After our multiple dime tour, we met the rest of the family back on Jersey Street. My wife and stepdaughter were now the last two who had never been inside America’s Most Beloved Ballpark. So, it was my great pleasure to walk them up the grandstand and have them see the field and the Green Monster for the first time. It’s not the same as Billy Crystal’s description of first walking into Yankee Stadium, which he had only seen in black and white, but it is a close second. When your baseball life experience is essentially made up of Dodger Stadium, Fenway Park is otherworldly. You are just so close to the field; that wall is just so tall; and everything is just so green. And whether you are a Red Sox season ticket holder, or you are making your first visit to Fenway, the old building never disappoints.
The game got off to a slow start, but the offense picked up in the later innings. But the truth is, it did not matter. We bought snacks from the ubiquitous vendors, and held our breath when Kiké Hernández did his best Pudge Fisk impersonation, pulling one just foul down the line. Around the fourth inning my stepson said “this place is the best.” He and I don’t always see eye to eye, but on this we can agree.
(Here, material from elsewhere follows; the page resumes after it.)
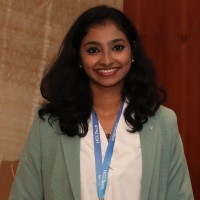Dhanya Krishnan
And as we moved into the bottom of the sixth, I stopped my kids from leaving their seats, as I knew what was to come. The seventh inning stretch and then “Sweet Caroline” were capstones for the girls. The Red Sox win, “Dirty Water,” and “Tessie” were the capstones for me and the boys. We piled out of Fenway Park with full bellies and smiles on our faces. But we still had to make one more stop at the team store. For those who had never been before, they now knew how special the Fenway experience is; they now had to have a keepsake.
I have been to more than thirty MLB parks, and nearly all of the current ones. When people ask me my favorite, I always start with the notion that you have to take Wrigley Field and Fenway Park out of the conversation, as those two are cathedrals, they are cultural institutions, they are historic landmarks. I have spent a lot of time at Wrigley over the past few years, and don’t get to Fenway as often as I would like. But maybe that is for the best, as Fenway never stops being special; it never ceases to amaze, impress, and satisfy what my baseball-loving heart desires. As my friend Gabrielle Starr has written, “If you’ve been to Fenway before, you know what I mean. It’s that buzz of magic, of history, and anticipation. It’s the pulling of that thread that connects baseball’s past and present.”
I have pulled that thread, and been to Fenway Park with my dad, and with my sons. But this time I got to bring my wife and all my kids, and got to experience it through their eyes. They say you are only as happy as your most unhappy child. Well, after three hours in uncomfortable seats facing slightly the wrong direction, on a blustery Sunday in Boston, I was walking on sunshine.